▶ What the task requires: Reproduce the full listing below unchanged, apart from the pictures.

▶ Supplied information:
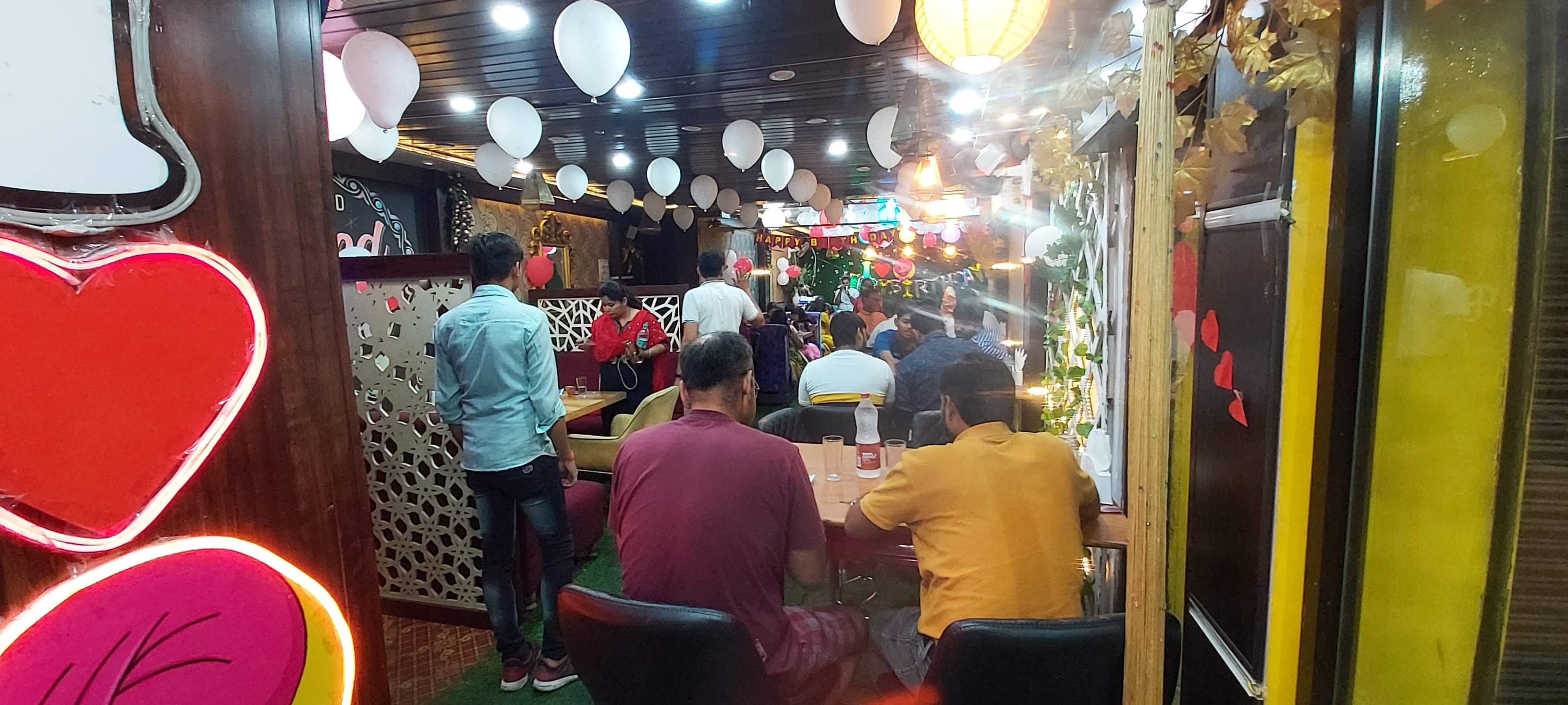 Sardaar Ji Dhaba dining area in Prayagraj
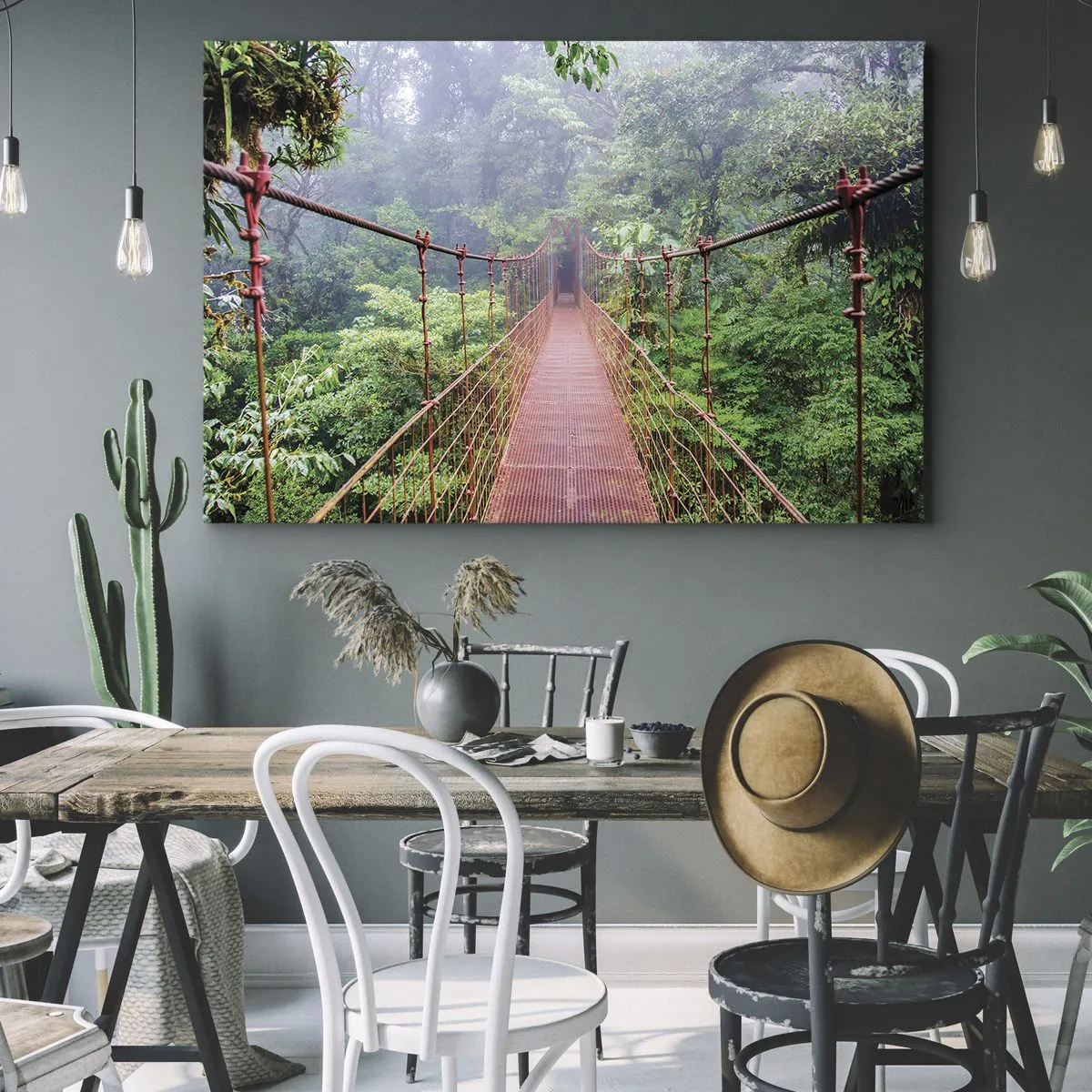 Schilderen op canvas - Een hangbrug in een tropische jungle omgeven door mist - 70x50cm - Opgehangen over de kronen - Moderne wanddecoratie voor woonkamer en slaapkamer ARTTOR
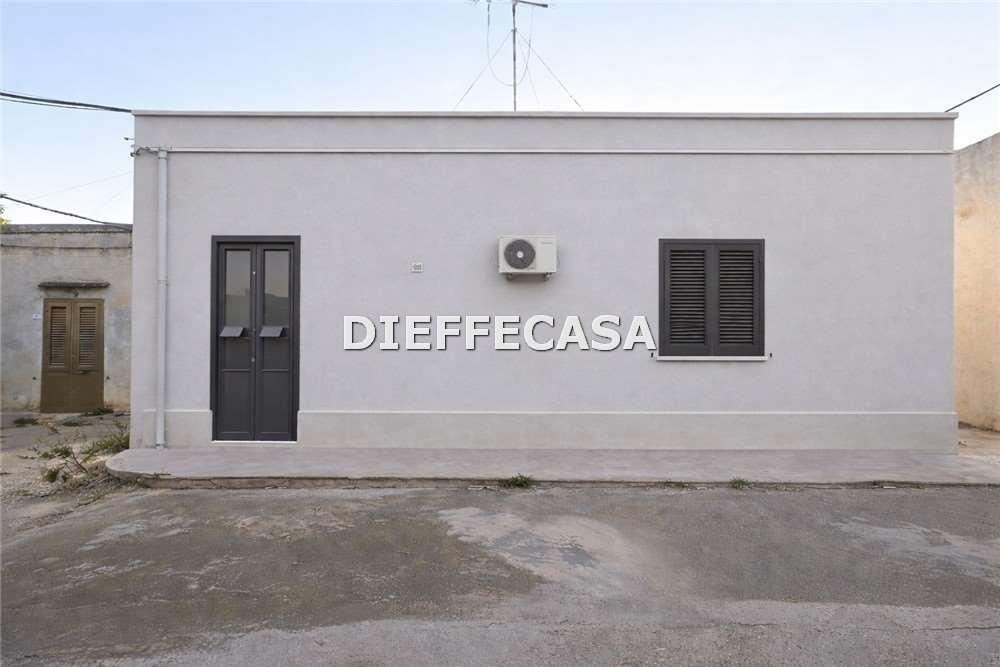 casa indipendente in vendita a Marsala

▶ Exercise solution:
 Sardaar Ji Dhaba dining area in Prayagraj
 Schilderen op canvas - Een hangbrug in een tropische jungle omgeven door mist - 70x50cm - Opgehangen over de kronen - Moderne wanddecoratie voor woonkamer en slaapkamer ARTTOR
 casa indipendente in vendita a Marsala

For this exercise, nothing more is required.